From: hal@finney.org
Date: Thu Jun 21 2001 - 14:28:24 MDT
Robin writes, regarding the Pratt report on CYC:
> Immediately after mentioning that report, the article Eugene cited says:
>
> >But in other tests, Cyc blew away the competition as decisively as Eurisko's
> >space cruisers. In July 1998, the Pentagon put Cyc and a dozen other AI
> >systems through their analytical paces, giving each team a package of 300
> >pages of abstruse data to program in their systems and following up with a
> >series of complicated strategic queries. Cyc scored better than all the
> >other systems put together, according to the company, leading the Pentagon
> >to make it the core of a new experimental program aimed at developing large
> >knowledge bases.
>
> It would be nice to learn more about this competition. But assuming it
> was managed in good faith, this seems strong evidence that Cyc is much
> better than the competition.
I should have read the Times article more carefully. I get the Times
and was reading it while eating breakfast but didn't get to the very end
where it mentioned this result. (However it misstated the Pratt visit
as being in 1984 when it was of course in 1994.)

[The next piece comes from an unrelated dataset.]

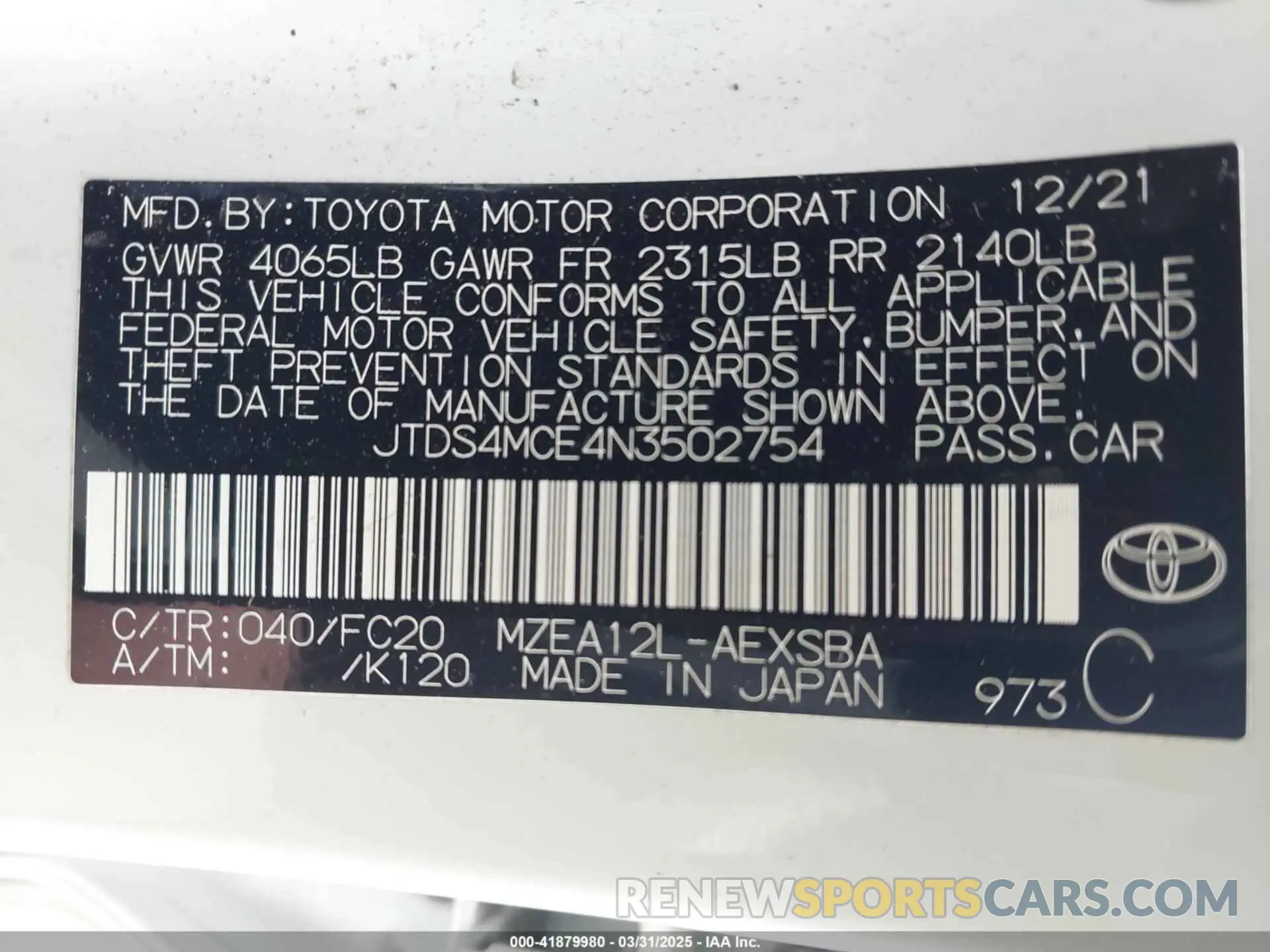 9 Photograph of a damaged car JTDS4MCE4N3502754 TOYOTA COROLLA 2022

Actually I think this competition result is consistent with what Pratt
saw. CYC does a very good job at putting together facts if it knows them.

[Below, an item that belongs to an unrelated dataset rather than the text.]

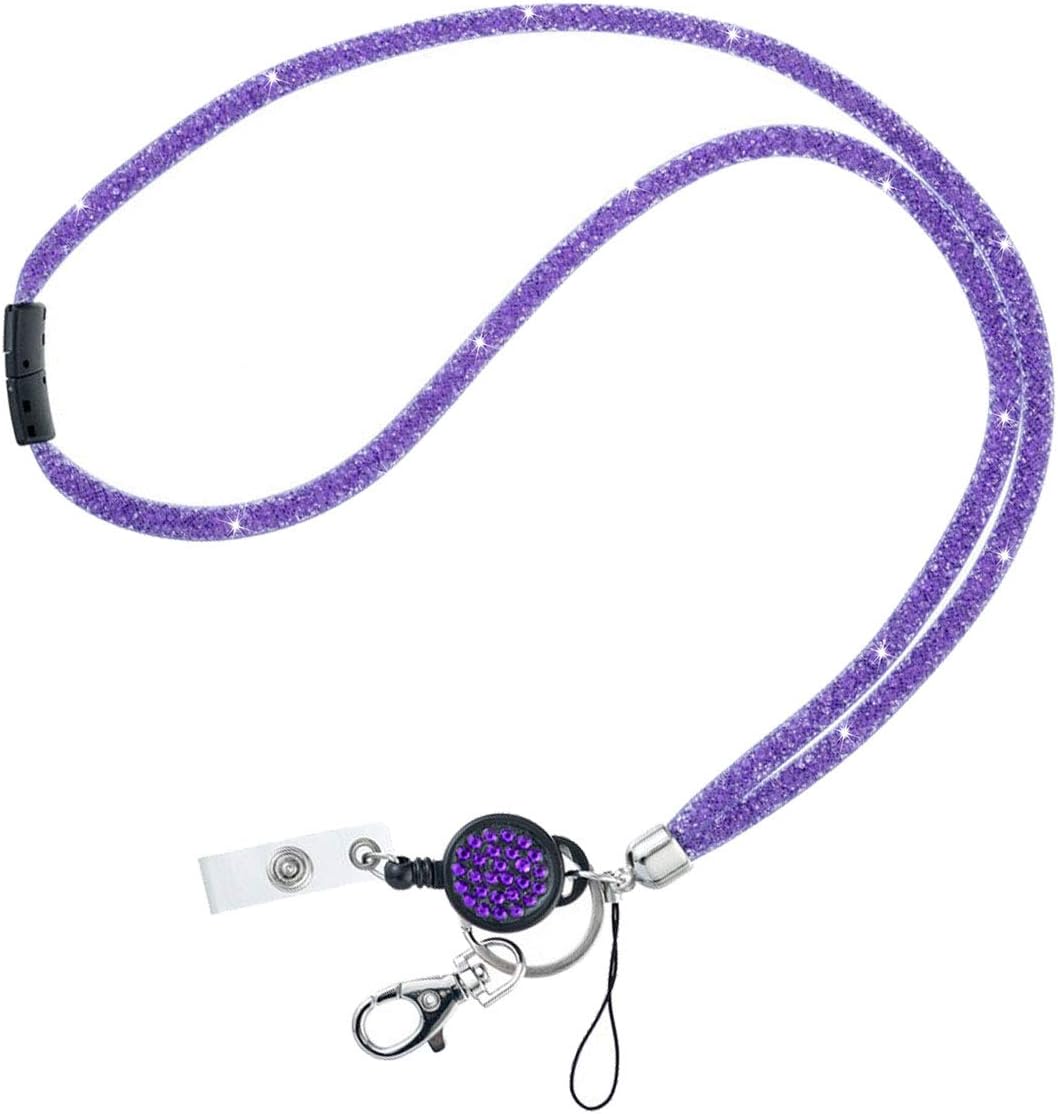Bling Crystal Badge Lanyard with Breakaway Clasp 4 in 1 Function Mesh Lanyard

As long as the "ontology" (the set of concepts and words that is input to
the system) represents the area in question, it can find inconsistencies
and cross correlate different data bases. It apparently excels at that
and it sounds like this is what the Pentagon test required. Input 300
pages of data and then query the system on that data. This is exactly
what CYC (and, equally importantly, its trainers) have been practicing
for 20 years now.
But that's not really a test of common sense. What Pratt saw was
something else. Despite all the years of training, CYC's knowledge was
still extremely spotty. It knew that bread was food, but it didn't know
that bread wasn't drink. In fact it didn't know that food and drink are
normally mutually exclusive. It knew that lack of food caused hunger,
and that people could die of starvation, but it didn't know that hunger
and starvation were related.
It knew the relative sizes of all the planets, but not their actual
sizes. It knew that the earth had an atmosphere, but not that the sky
was blue.
Seemingly it all depended on whether someone had actually sat down and
put a particular fact into CYC. At the time at least, only a small
number of the facts had powerful logical conclusions embedded in them
(male -> masculine). Most of them just existed statically, and the only
connections were that the same ontological concept might be used in more
than one fact. That's the impression I got from the Pratt report, anyway.

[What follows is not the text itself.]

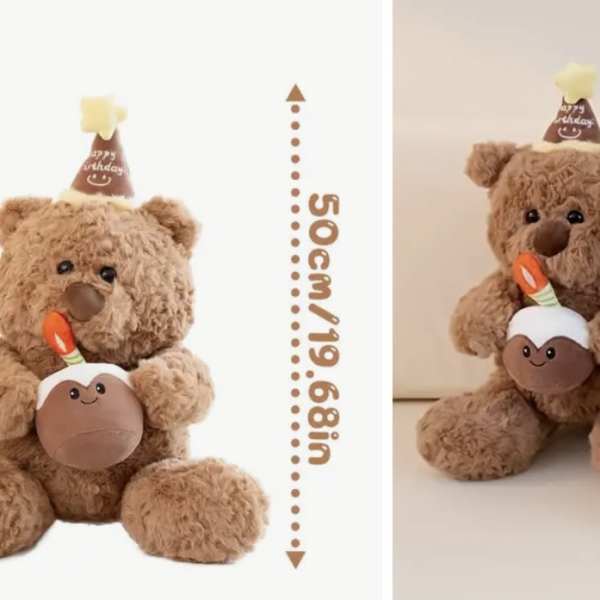 Plush teddy bear holding a cupcake and wearing a birthday hat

The database is now 1.4 million assertions, 3 times bigger now then
when Pratt was there. It's not clear that this is strictly comparable
because shortly before Pratt's visit they had shrunk the database by a
factor of 4 by eliminating redundancies. But assuming that the database
was reasonably compact at the time of Pratt's visit, it seems unlikely
that the current knowledge base could be much more than 3 times larger.
Would a three-fold improvement of coverage have made a qualitative
difference in what Pratt saw? I am skeptical. CYC's coverage seemed
less than 1/3 of what Pratt had been led to expect by Lenat's optimistic
reports. He had a list of questions prepared and they didn't even get
into it, really, the questions being obviously far beyond what could
be expected.
> Surely Cyc is not as good as many people
> expect it to be, but it may be far better than they have any right to
> expect it to be. Cyc is probably still a long way off from getting "most"
> of common sense knowledge, but it is also probably much farther along that
> the other efforts.
Even if it is farther along, the relevant question is whether it is far
enough along to be useful at applying common-sense knowledge. That's
been the hard nut which CYC has hoped to crack all along. Clearly that
was not true in 1994, with half a million rules. Maybe things will be
different today.
> It is all well and good for Vaughan Pratt to call for
> more objective measures of progress, but if he thinks it so important maybe
> he should roll up his sleeves and create such better measures.
I felt that Pratt was politely suggesting that Lenat should stop making
claims about CYC that he can't back up objectively. This report was
a pretty big black eye for the project and AFAIK they haven't invited
anyone else for an outsider's analysis since then, at least I couldn't
find anything on the web. I think it's a bad sign that they didn't invite
him (or someone else) back a couple years later and say, now look it,
see how much better it's doing.
> If Cyc
> does eventually succeed, all the other AI researchers should be called
> to account for what they were doing instead of helping to improve Cyc.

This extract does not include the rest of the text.